_DIRECTIONS FOR THIS TASK_
Only the lines from the one containing "Dakota Ridge Ivory" through the last line below belong in your copy; transcribe them exactly and omit any pictures.

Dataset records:
┄┄┄┄┄┄┄┄┄┄

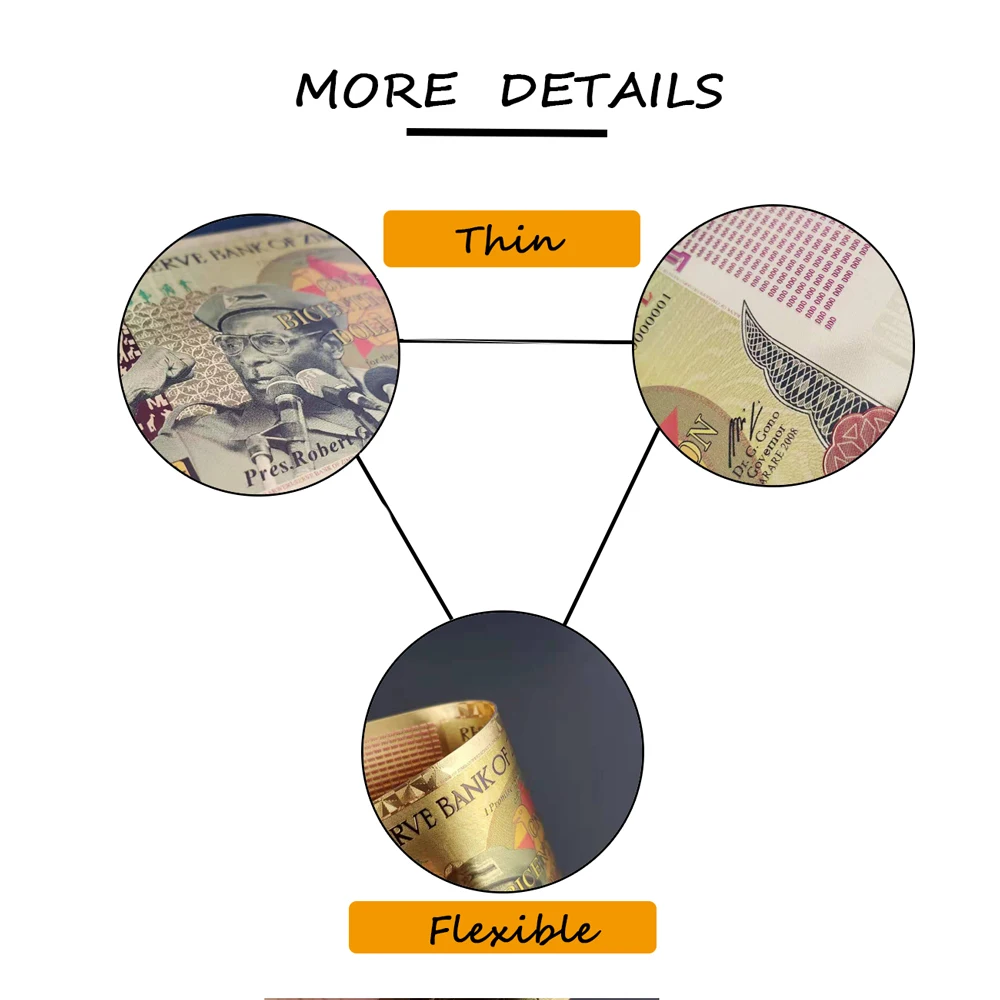 

Zimbabwe Notes One Bicentillion Dollars Note Gold Banknote with Certificates In 24k Gold Plated For Collection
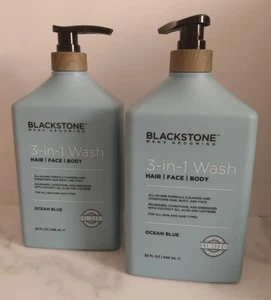 2x Blackstone toelettatura uomo lavaggio 3 in 1 32 oz. Blu Oceano Edizione Limitata - Foto 1 di 4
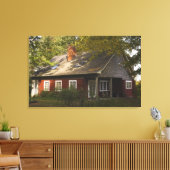 Een rode logstartpagina canvas afdruk (Insitu (Woonkamer))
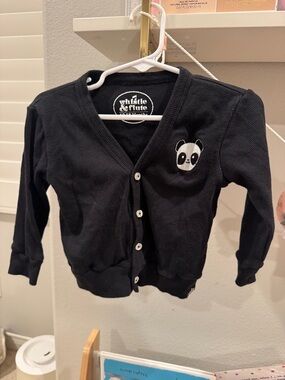 Whistle & Flute Black Panda Embroidered Kids Cardigan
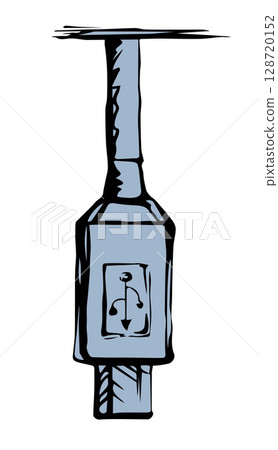 Cord for charging the phone. Vector drawing 128720152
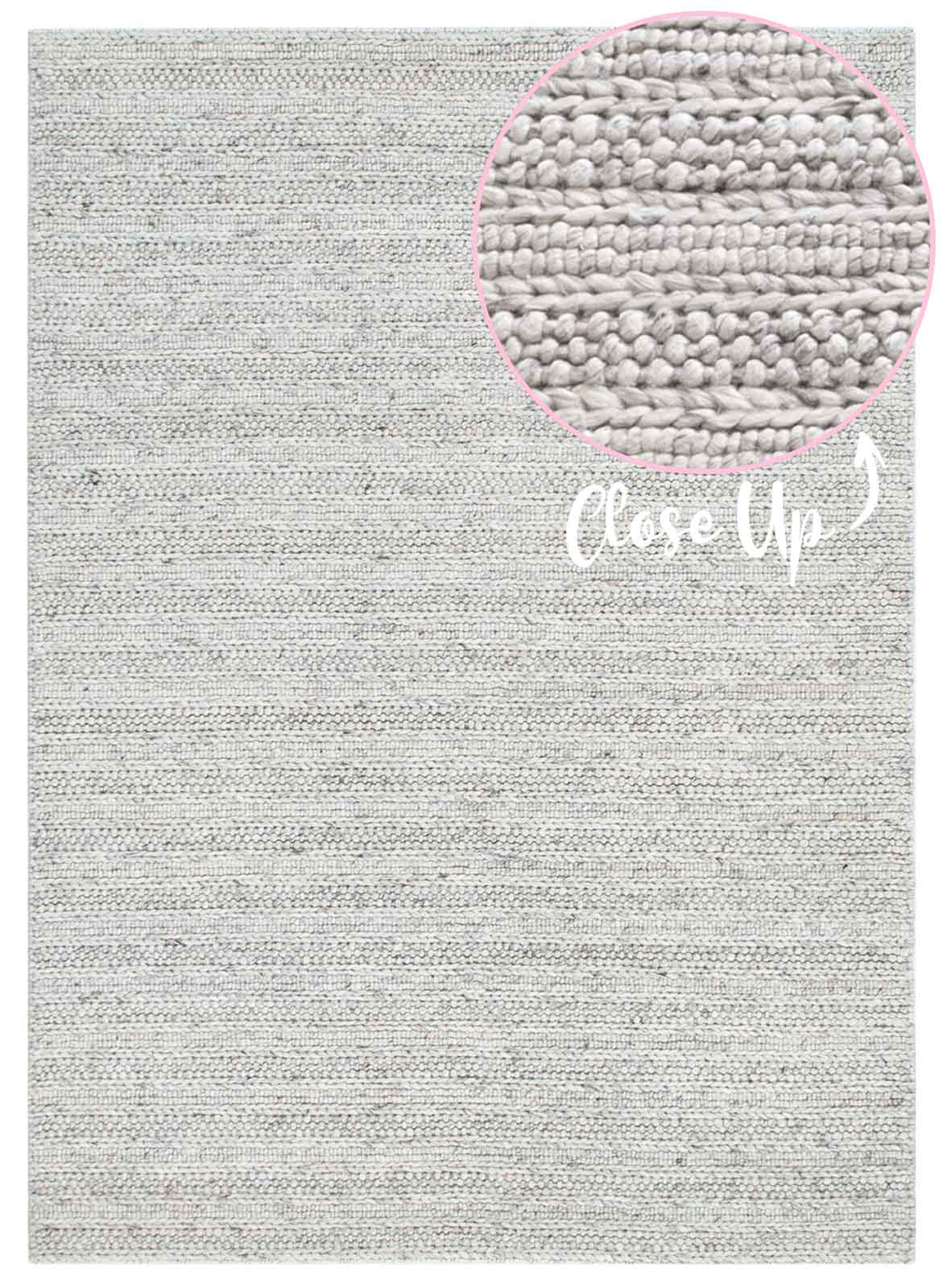 Dakota Ridge Ivory handwoven New Zealand wool rug with textured weave available at Rugs N Timber Belrose showroom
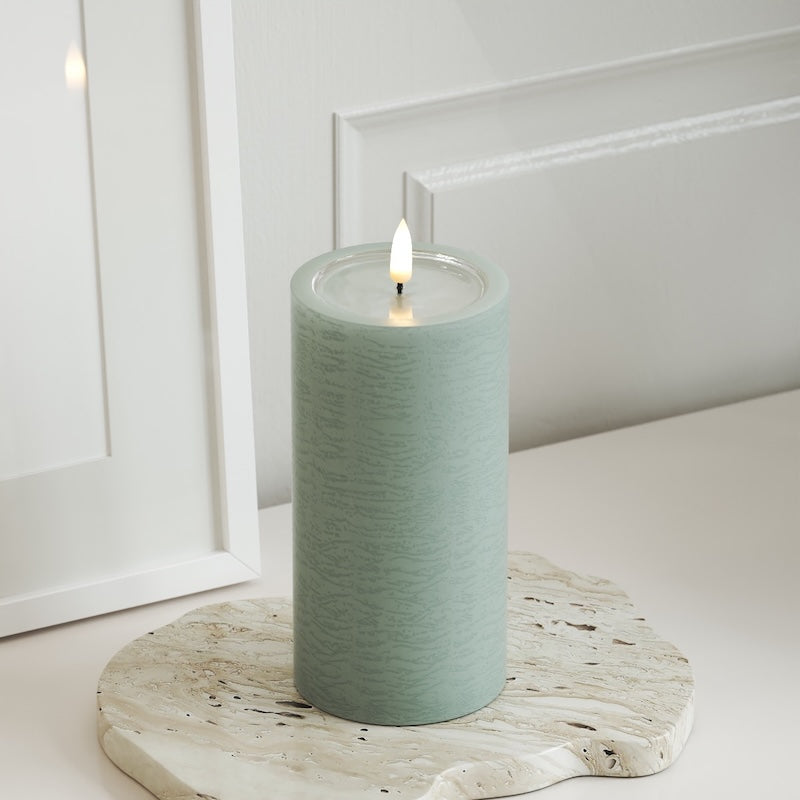 Unique Candles Unique LED Bloklys D 7,5 x 15 cm Salvie grøn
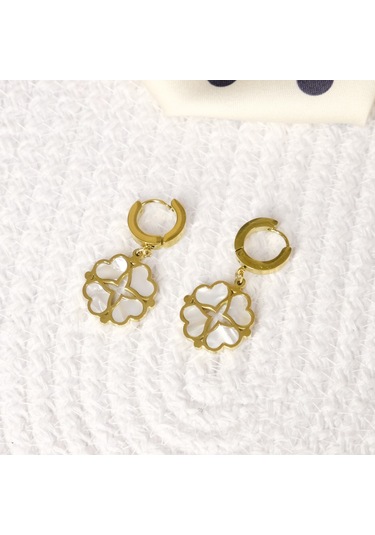 Lekka Design Sedefli Dörtlü Kalp Kararmaz Çelik Çiçek Kadın Küpe Çelik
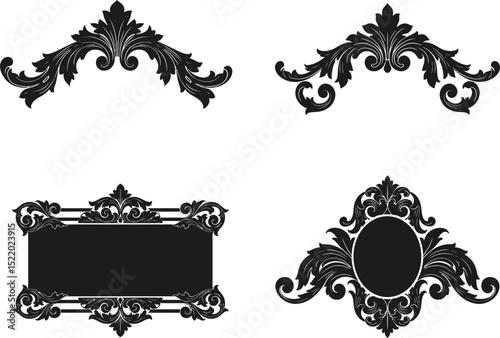 Ornate decorative vector elements in black color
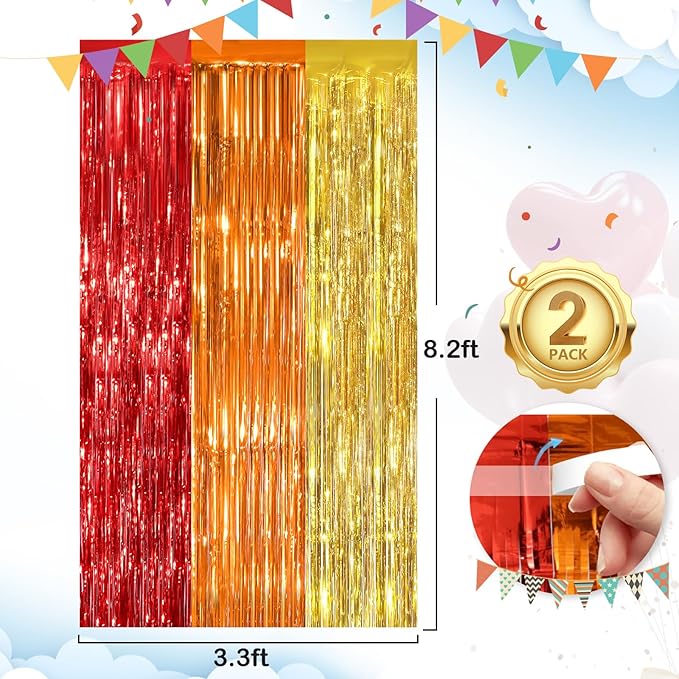 red orange gold Fringe Curtain Party Streamers 2Pack 3.3 x 8.3 Ft Foil Fringe - Image 2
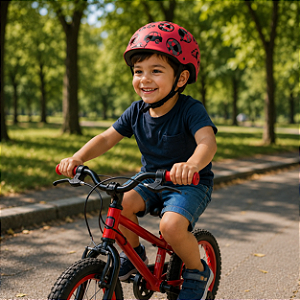 CAPACETE INFANTIL VERMELHO PTK TOYS S/ LED COM APOIO DE NUCATAMANHO P (48 - 55)
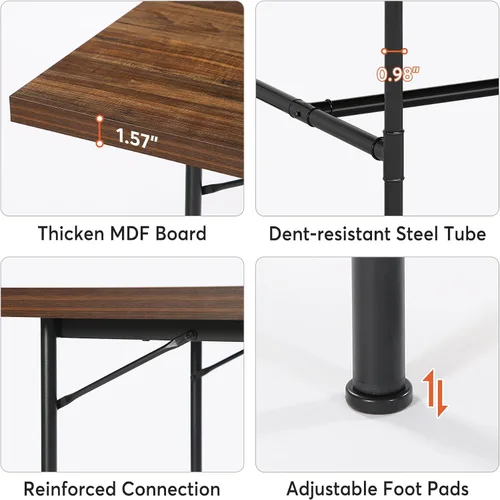 Vista 7 de Tribesigns Mesa de comedor para 6-8 personas, mesa de cocina rectangular de madera de 70.9 pulgadas con marco de metal de tubo, mesa de comedor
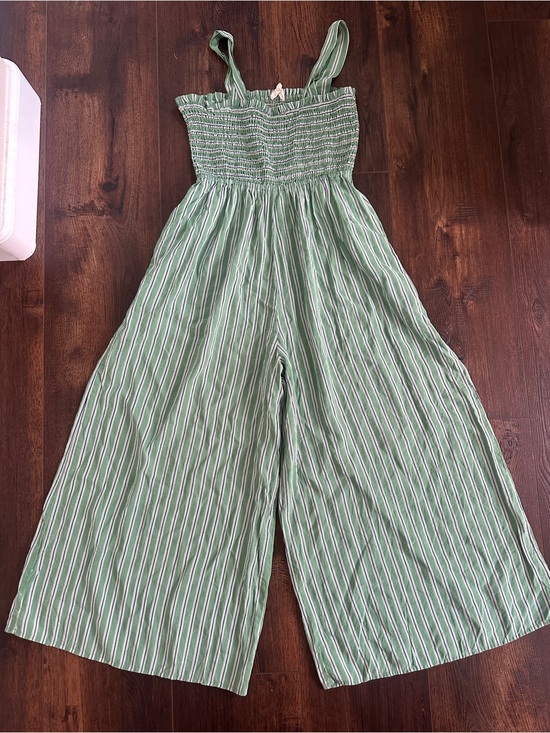 Pants - Green Striped Smocked Wide-Leg Jumpsuit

┄┄┄┄┄┄┄┄┄┄

_ANSWER_
 Dakota Ridge Ivory handwoven New Zealand wool rug with textured weave available at Rugs N Timber Belrose showroom
 Unique Candles Unique LED Bloklys D 7,5 x 15 cm Salvie grøn
 Lekka Design Sedefli Dörtlü Kalp Kararmaz Çelik Çiçek Kadın Küpe Çelik
 Ornate decorative vector elements in black color
 red orange gold Fringe Curtain Party Streamers 2Pack 3.3 x 8.3 Ft Foil Fringe - Image 2
 CAPACETE INFANTIL VERMELHO PTK TOYS S/ LED COM APOIO DE NUCATAMANHO P (48 - 55)
 Vista 7 de Tribesigns Mesa de comedor para 6-8 personas, mesa de cocina rectangular de madera de 70.9 pulgadas con marco de metal de tubo, mesa de comedor
 Pants - Green Striped Smocked Wide-Leg Jumpsuit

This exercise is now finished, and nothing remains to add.